The Devil's Publishing Dictionary
January 4, 2007
Author Lynn Viehl has a hilarious dictionary posted on her blog today she's dubbed The Devil's Publishing Dictionary.
Check it out.
Cheers,
Mark Terry
Author Lynn Viehl has a hilarious dictionary posted on her blog today she's dubbed The Devil's Publishing Dictionary.
Advance - a sum paid to the author's agent after contract signing, as soon as the editor puts in a payment request to accounting, which is misplaced for three weeks to three months, re-requested, routed to senior editor for approval, misplaced again or completely forgotten until agent's fourth inquiry. The author may or may not see 30% of the agreed-upon advance, less that 15% owed to the agent, within a year of signing, upon publication of the contracted work, or when the author starves to death while living under a bridge, whichever comes first.
Blurbs - ringing but patently false endorsements of a book by buddies of the author, the author herself coyly pretending to be another author by using a pseudonym, or carefully-edited segments of bad reviews.

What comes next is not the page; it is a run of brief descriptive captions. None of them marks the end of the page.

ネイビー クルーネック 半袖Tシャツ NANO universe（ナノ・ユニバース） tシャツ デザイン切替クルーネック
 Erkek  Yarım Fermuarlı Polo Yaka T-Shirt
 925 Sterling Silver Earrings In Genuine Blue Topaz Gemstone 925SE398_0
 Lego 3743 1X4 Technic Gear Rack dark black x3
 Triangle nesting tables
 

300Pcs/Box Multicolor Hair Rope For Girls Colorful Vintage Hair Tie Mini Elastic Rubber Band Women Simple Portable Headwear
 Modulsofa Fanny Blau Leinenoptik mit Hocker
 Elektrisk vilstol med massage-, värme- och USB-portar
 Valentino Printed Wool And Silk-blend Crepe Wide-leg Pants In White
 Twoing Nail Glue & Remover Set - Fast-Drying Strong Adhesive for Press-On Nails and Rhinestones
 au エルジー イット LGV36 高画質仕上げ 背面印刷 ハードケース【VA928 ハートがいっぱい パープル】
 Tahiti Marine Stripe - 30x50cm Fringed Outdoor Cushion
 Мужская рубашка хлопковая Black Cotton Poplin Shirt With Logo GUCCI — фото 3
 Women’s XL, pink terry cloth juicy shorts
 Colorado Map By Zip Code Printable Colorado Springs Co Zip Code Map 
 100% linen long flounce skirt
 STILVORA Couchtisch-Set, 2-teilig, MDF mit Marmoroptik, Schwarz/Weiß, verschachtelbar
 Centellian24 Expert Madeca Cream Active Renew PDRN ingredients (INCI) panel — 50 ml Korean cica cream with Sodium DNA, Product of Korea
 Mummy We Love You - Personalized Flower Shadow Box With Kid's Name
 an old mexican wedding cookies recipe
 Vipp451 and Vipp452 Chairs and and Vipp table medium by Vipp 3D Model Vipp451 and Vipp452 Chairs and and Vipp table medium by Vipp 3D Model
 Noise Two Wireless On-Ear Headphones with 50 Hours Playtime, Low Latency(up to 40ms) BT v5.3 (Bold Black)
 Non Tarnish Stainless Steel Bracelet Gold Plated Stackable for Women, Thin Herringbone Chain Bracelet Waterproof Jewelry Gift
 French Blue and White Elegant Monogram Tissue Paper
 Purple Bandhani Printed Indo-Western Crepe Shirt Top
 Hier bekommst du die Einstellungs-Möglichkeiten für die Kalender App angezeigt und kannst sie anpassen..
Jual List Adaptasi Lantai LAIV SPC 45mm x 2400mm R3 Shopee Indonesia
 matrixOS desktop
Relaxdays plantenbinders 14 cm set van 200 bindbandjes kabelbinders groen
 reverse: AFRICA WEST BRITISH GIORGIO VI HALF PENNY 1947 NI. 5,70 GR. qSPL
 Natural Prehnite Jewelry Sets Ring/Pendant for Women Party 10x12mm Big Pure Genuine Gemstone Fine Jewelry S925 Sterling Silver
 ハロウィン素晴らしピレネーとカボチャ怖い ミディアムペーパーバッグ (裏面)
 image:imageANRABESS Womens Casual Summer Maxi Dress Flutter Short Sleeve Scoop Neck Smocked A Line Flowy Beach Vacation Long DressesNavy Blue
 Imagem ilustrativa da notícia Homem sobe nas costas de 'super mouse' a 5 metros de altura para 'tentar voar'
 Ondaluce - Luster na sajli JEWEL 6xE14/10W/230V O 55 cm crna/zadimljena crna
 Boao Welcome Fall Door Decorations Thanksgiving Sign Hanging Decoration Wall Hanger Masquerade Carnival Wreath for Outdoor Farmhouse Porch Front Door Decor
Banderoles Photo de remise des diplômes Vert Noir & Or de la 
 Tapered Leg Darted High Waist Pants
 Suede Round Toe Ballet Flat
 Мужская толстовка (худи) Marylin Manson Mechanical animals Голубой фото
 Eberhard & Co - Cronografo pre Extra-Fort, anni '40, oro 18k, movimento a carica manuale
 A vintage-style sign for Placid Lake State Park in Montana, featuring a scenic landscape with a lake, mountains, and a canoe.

Also known as cover quotes.
Check it out.
Cheers,
Mark Terry



2 Comments:
I have one.
Synopsis: a book report on your own damn book. Known to cause physical pain and weeping.
Ron,
To quote my own agent on synopses: "Keep it short. Agents and editors hate them."
From my own pov, I can't imagine if you've got even 20 pages of the manuscript why you would want to read a detailed synopsis, so I've followed my agent's advice and kept mine to about a page.